General terms and conditions

§ 1 Scope, data protection
  1. If the customer is an entrepreneur within the meaning of § 14 BGB (German Civil Code), the following General Terms and Conditions shall apply exclusively to the business relationship between us and the customer in the version valid at the time of the order. We do not recognize any deviating terms and conditions of the customer unless we have expressly agreed to their validity in writing.
  2. An entrepreneur is a natural or legal person or a partnership with legal capacity who, when concluding a legal transaction, acts in the exercise of his commercial or independent professional activity. A partnership with legal capacity is a partnership endowed with the capacity to acquire rights and incur liabilities.
  3. Insofar as necessary for business, we are authorized to store and process the customer's data by EDP within the framework of the data protection laws (in particular § 28 BDSG).
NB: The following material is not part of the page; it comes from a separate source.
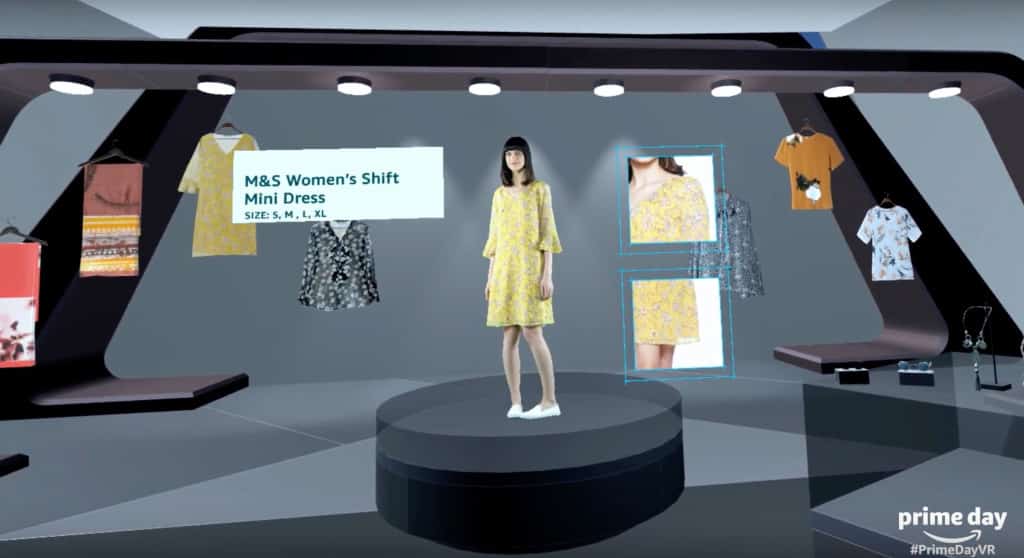 Will the Amazon VR kiosks reinvent retail shopping? | Digital Bodies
When collecting, processing and using personal data, we will only use employees who are bound to data secrecy.
  4. If the customer commissions us to perform work services, in particular assembly work, calculations, customer-specific own designs, the provisions in §§ 13-16 shall apply in addition to and with priority over the provisions in §§ 2-12.
§ 2 Offers, amendments, commercial clauses
  1. Our offers are subject to change; a contract is only concluded by our order confirmation in text form (§ 126b BGB) or when orders have been executed by us.
  2. Amendments, supplements and/or the cancellation of a contract or these terms and conditions require text form.
  3. Insofar as commercial clauses in accordance with the International Commercial Terms (INCOTERMS) have been agreed, INCOTERMS 2000, 6th revision shall apply.
§ 3 Transfer of risk, mode of shipment, delivery dates
  1. Unless otherwise agreed, we shall deliver and perform EXW (ex works) our warehouse; in this context, we shall determine the shipping method, shipping route and carrier.
  2. Partial deliveries or services are permissible, provided that they are not unreasonable for the customer.
  3. The commencement of the delivery or performance time stated by us shall be subject to the clarification of all technical issues and the timely and proper fulfillment of the customer's obligations.
  4. If an agreed delivery or performance date is exceeded for reasons for which we are responsible, the customer shall set us a reasonable grace period for delivery or performance in writing. This period of grace shall be at least three weeks. If the delivery or service does not take place after expiry of the grace period and if the customer wishes to withdraw from the contract for this reason or to claim damages instead of the service, he shall be obliged to notify us of this expressly in writing beforehand, setting a further reasonable grace period and requesting delivery or service. At our request, the customer shall be obliged to declare within a reasonable period of time whether it will withdraw from the contract due to the delay in delivery or performance and/or demand damages instead of performance or insist on the delivery or performance.
§ 4 Force majeure

In the event of force majeure, our delivery or performance obligations shall be suspended; if a significant change occurs in the circumstances existing at the time of conclusion of the contract, we shall be entitled to withdraw from the contract. Force majeure shall be deemed to include all circumstances for which we are not responsible and which make it significantly more difficult or impossible for us to provide the delivery or service, irrespective of whether these circumstances occur at our premises or those of a supplier or vicarious agent.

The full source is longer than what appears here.